Provided material section start

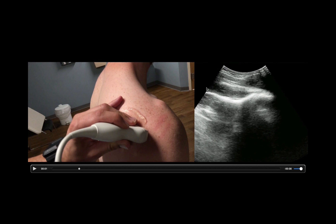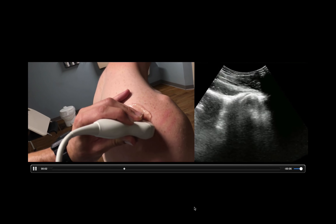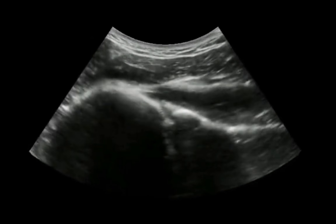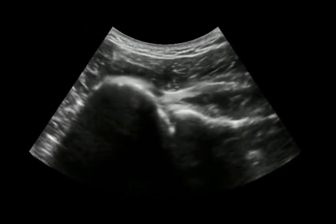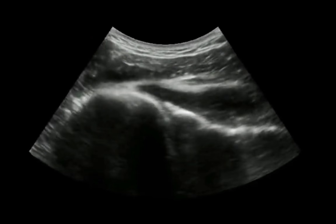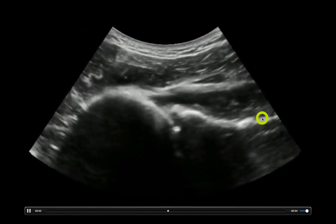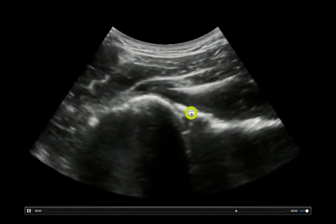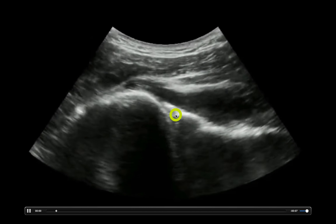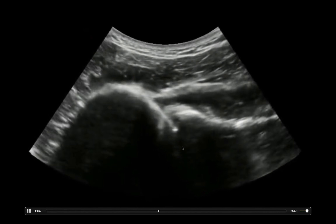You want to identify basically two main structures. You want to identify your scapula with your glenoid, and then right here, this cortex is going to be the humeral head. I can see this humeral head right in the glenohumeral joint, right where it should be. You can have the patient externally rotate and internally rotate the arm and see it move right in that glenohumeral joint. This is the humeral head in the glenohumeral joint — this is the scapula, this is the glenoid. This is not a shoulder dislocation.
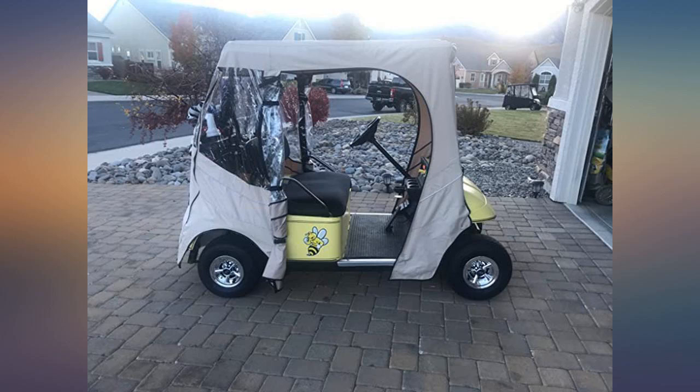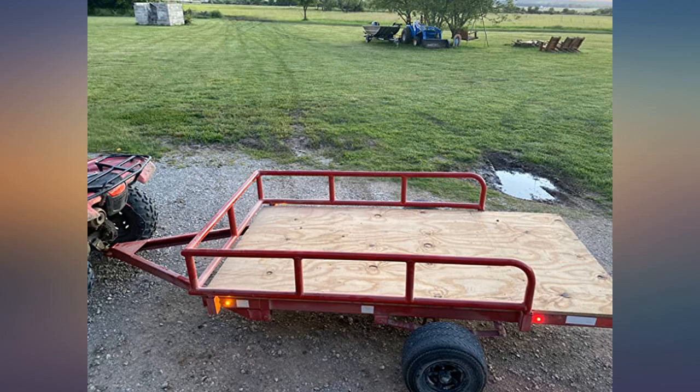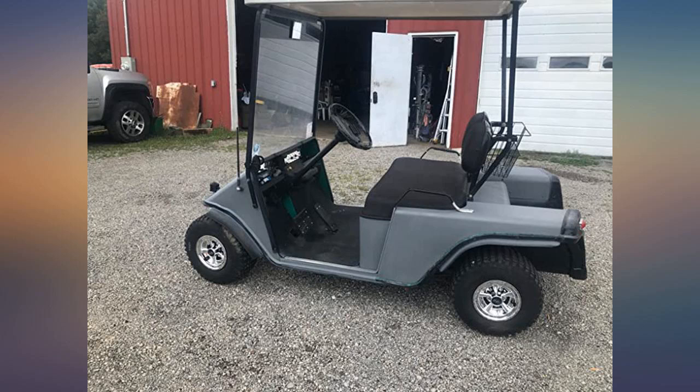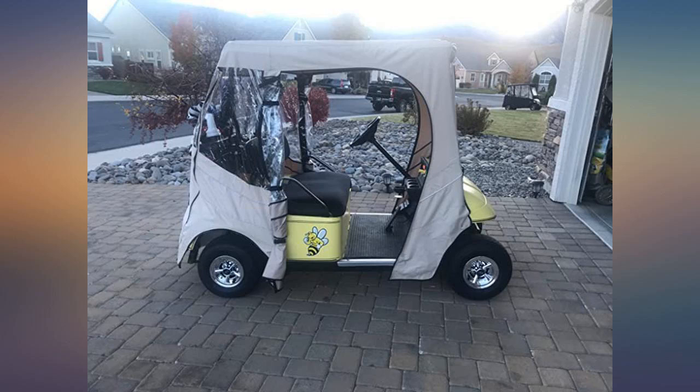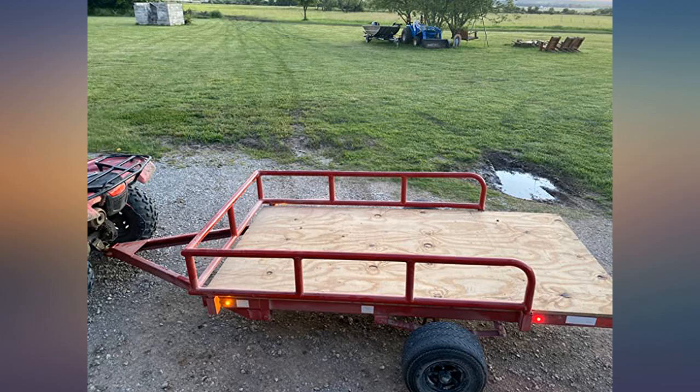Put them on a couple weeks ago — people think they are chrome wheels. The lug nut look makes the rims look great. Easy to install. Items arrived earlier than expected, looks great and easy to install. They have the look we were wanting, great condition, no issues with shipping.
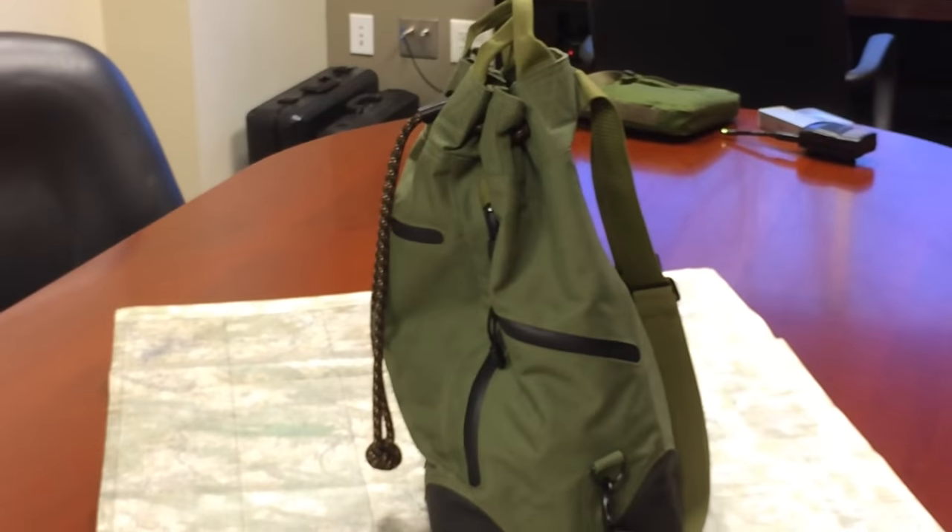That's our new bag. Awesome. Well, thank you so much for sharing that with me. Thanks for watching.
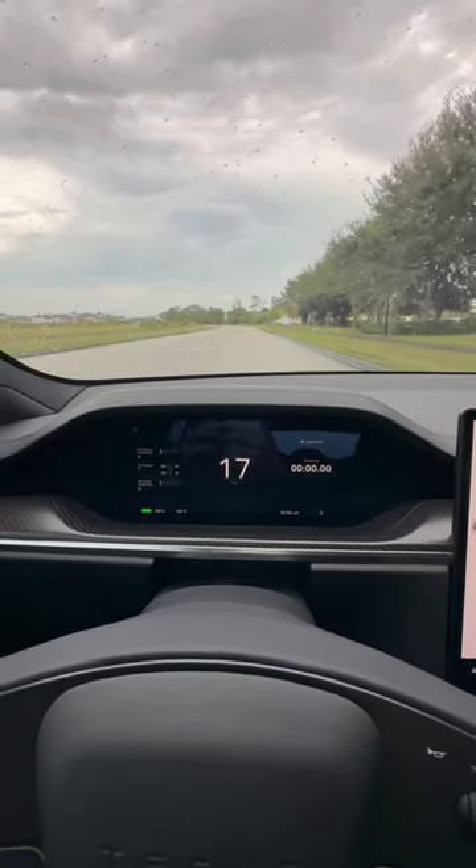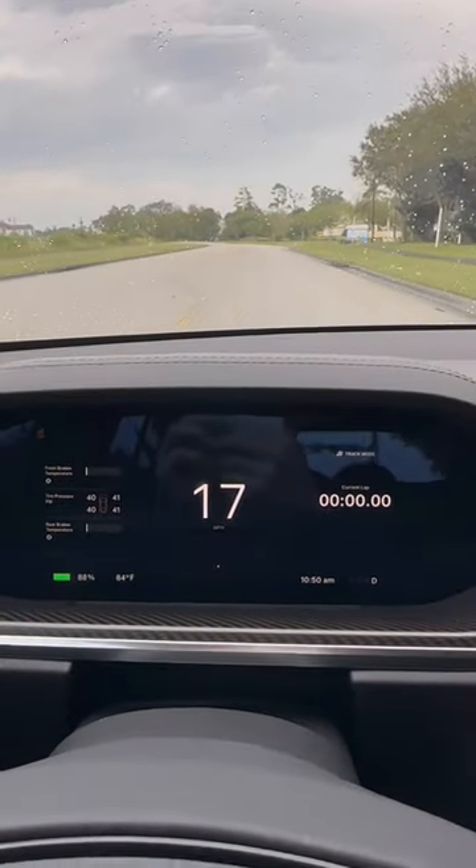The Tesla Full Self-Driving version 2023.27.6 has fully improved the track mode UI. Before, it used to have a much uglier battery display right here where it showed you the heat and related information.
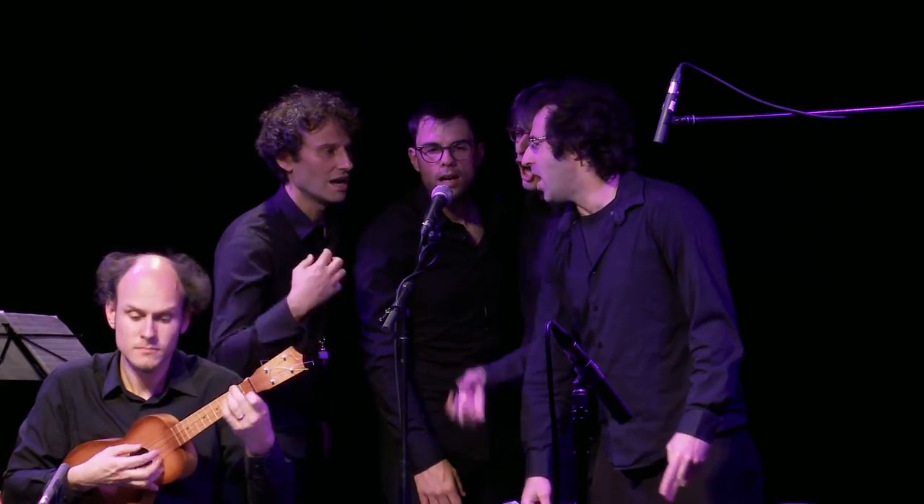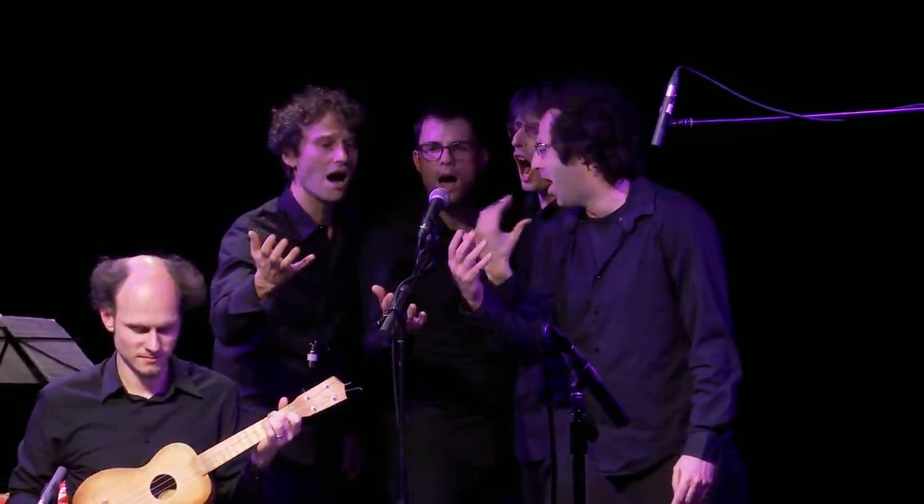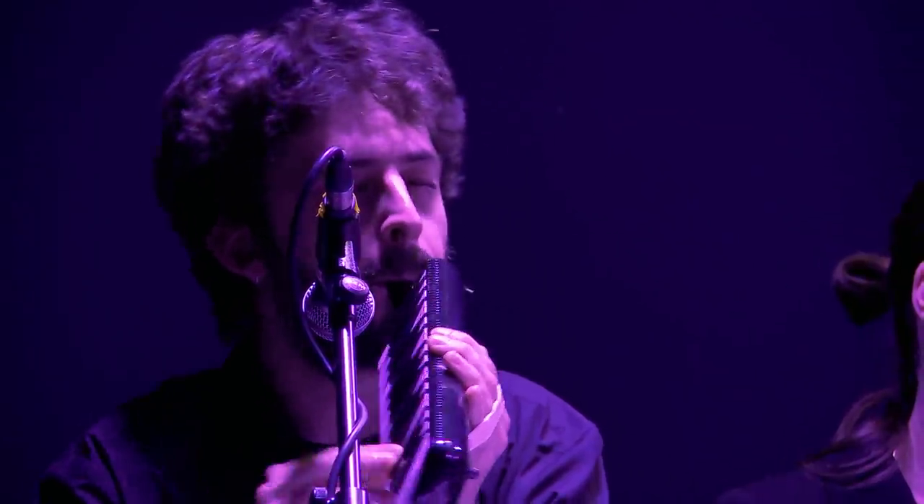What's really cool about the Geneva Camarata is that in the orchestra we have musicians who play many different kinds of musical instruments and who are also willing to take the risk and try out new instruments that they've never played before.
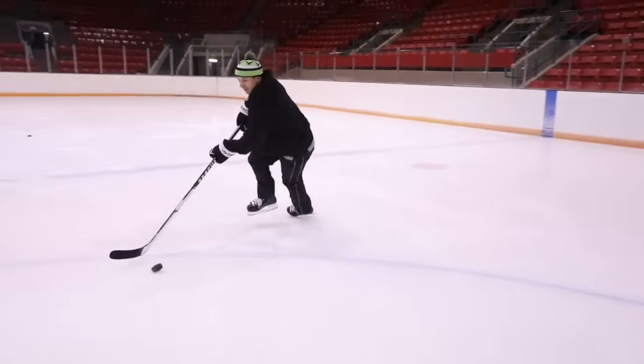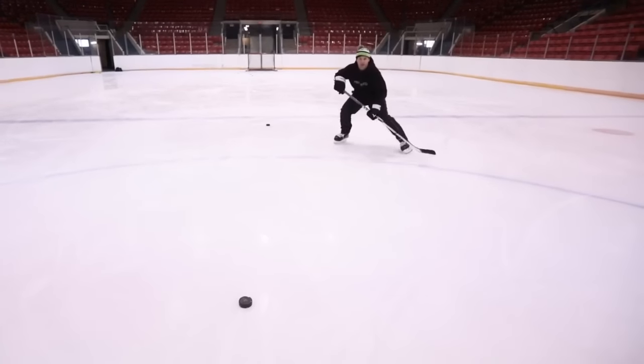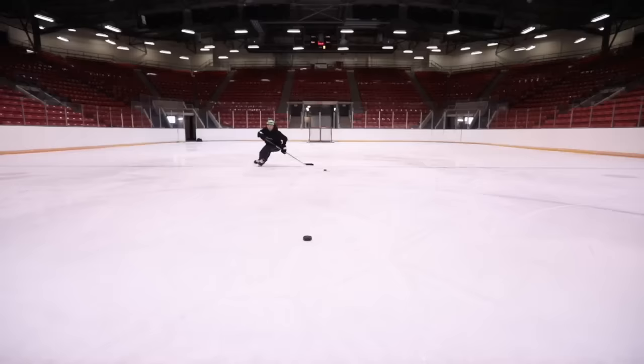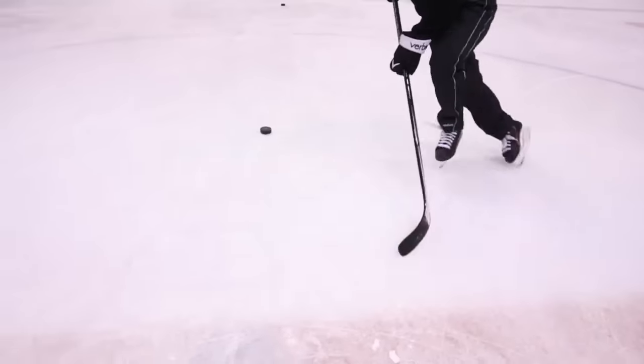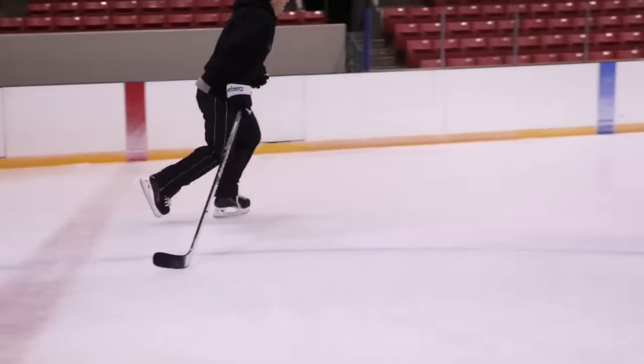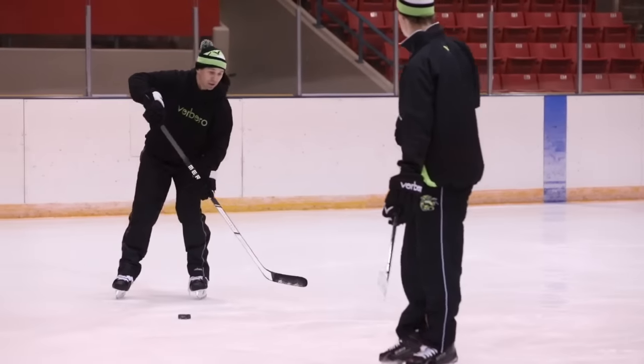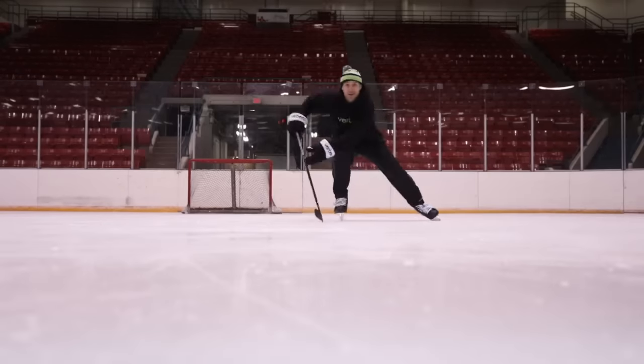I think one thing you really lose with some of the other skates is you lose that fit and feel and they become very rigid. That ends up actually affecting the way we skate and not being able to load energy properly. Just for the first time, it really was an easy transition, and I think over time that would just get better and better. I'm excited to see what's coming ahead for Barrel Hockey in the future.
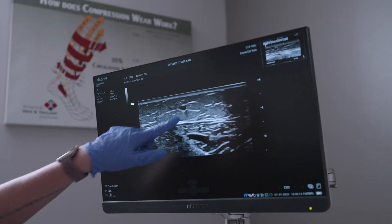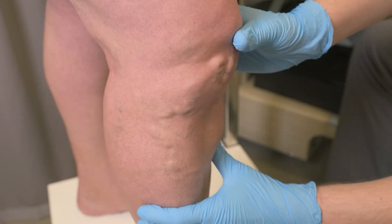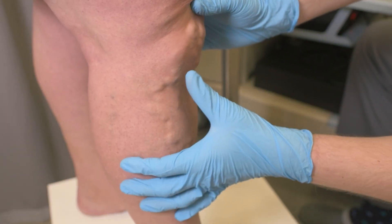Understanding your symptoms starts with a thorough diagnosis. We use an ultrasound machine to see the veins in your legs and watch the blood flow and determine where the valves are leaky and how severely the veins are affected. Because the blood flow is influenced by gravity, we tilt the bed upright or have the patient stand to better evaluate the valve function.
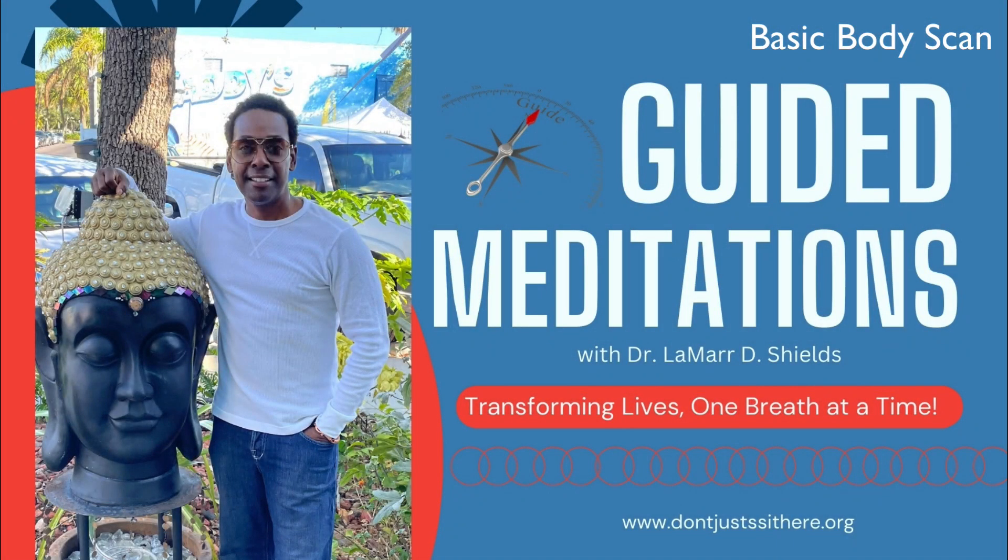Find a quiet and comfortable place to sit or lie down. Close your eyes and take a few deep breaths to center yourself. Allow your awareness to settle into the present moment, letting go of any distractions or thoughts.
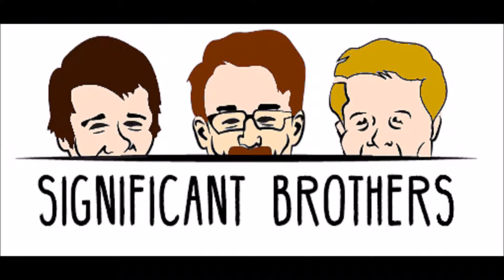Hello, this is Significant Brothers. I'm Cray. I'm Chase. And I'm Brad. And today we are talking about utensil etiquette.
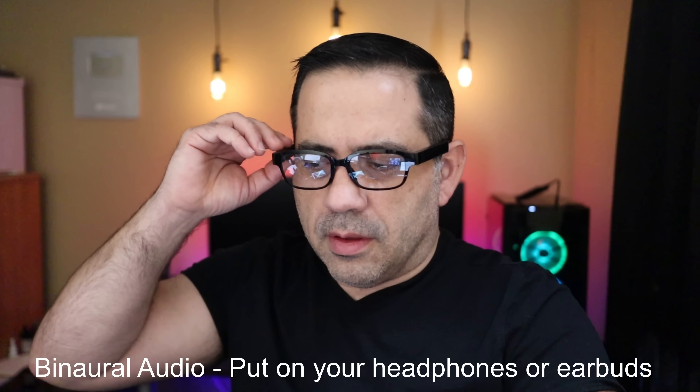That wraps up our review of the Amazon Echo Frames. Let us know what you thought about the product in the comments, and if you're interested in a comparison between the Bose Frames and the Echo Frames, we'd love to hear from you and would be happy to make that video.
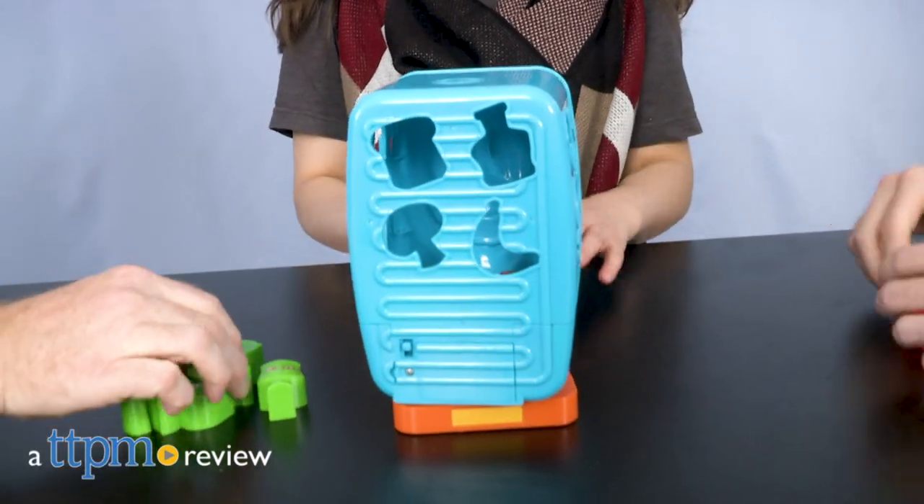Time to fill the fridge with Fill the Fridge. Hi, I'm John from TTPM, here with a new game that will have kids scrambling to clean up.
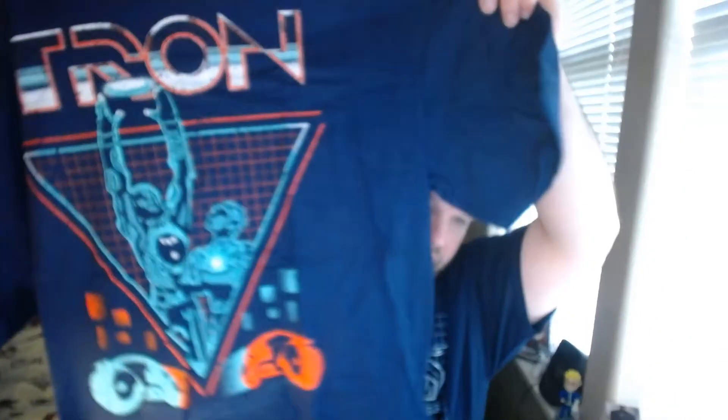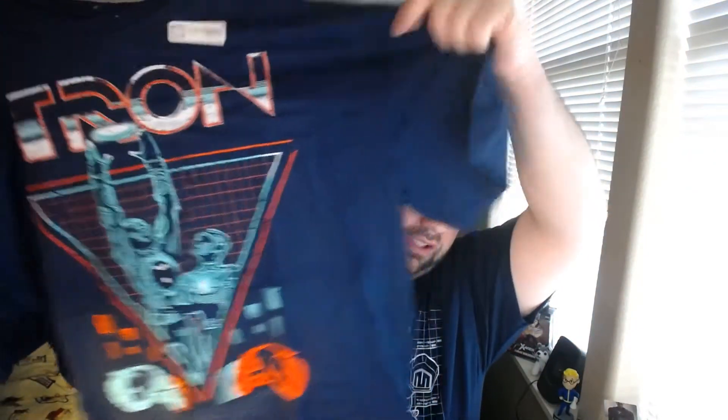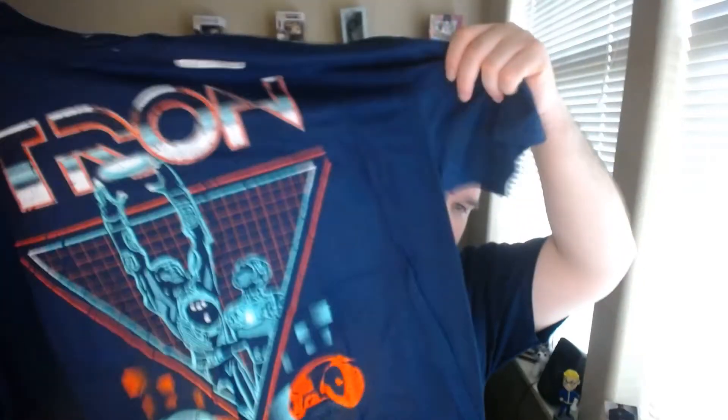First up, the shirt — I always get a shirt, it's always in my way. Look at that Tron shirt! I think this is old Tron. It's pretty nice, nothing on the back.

Provided material section end

### Action item
Copy all of the material word for word, and include none of its pictures.

### Answer area
You want to identify basically two main structures. You want to identify your scapula with your glenoid, and then right here, this cortex is going to be the humeral head. I can see this humeral head right in the glenohumeral joint, right where it should be. You can have the patient externally rotate and internally rotate the arm and see it move right in that glenohumeral joint. This is the humeral head in the glenohumeral joint — this is the scapula, this is the glenoid. This is not a shoulder dislocation.
Put them on a couple weeks ago — people think they are chrome wheels. The lug nut look makes the rims look great. Easy to install. Items arrived earlier than expected, looks great and easy to install. They have the look we were wanting, great condition, no issues with shipping.
That's our new bag. Awesome. Well, thank you so much for sharing that with me. Thanks for watching.
The Tesla Full Self-Driving version 2023.27.6 has fully improved the track mode UI. Before, it used to have a much uglier battery display right here where it showed you the heat and related information.
What's really cool about the Geneva Camarata is that in the orchestra we have musicians who play many different kinds of musical instruments and who are also willing to take the risk and try out new instruments that they've never played before.
I think one thing you really lose with some of the other skates is you lose that fit and feel and they become very rigid. That ends up actually affecting the way we skate and not being able to load energy properly. Just for the first time, it really was an easy transition, and I think over time that would just get better and better. I'm excited to see what's coming ahead for Barrel Hockey in the future.
Understanding your symptoms starts with a thorough diagnosis. We use an ultrasound machine to see the veins in your legs and watch the blood flow and determine where the valves are leaky and how severely the veins are affected. Because the blood flow is influenced by gravity, we tilt the bed upright or have the patient stand to better evaluate the valve function.
Find a quiet and comfortable place to sit or lie down. Close your eyes and take a few deep breaths to center yourself. Allow your awareness to settle into the present moment, letting go of any distractions or thoughts.
Hello, this is Significant Brothers. I'm Cray. I'm Chase. And I'm Brad. And today we are talking about utensil etiquette.
That wraps up our review of the Amazon Echo Frames. Let us know what you thought about the product in the comments, and if you're interested in a comparison between the Bose Frames and the Echo Frames, we'd love to hear from you and would be happy to make that video.
Time to fill the fridge with Fill the Fridge. Hi, I'm John from TTPM, here with a new game that will have kids scrambling to clean up.
First up, the shirt — I always get a shirt, it's always in my way. Look at that Tron shirt! I think this is old Tron. It's pretty nice, nothing on the back.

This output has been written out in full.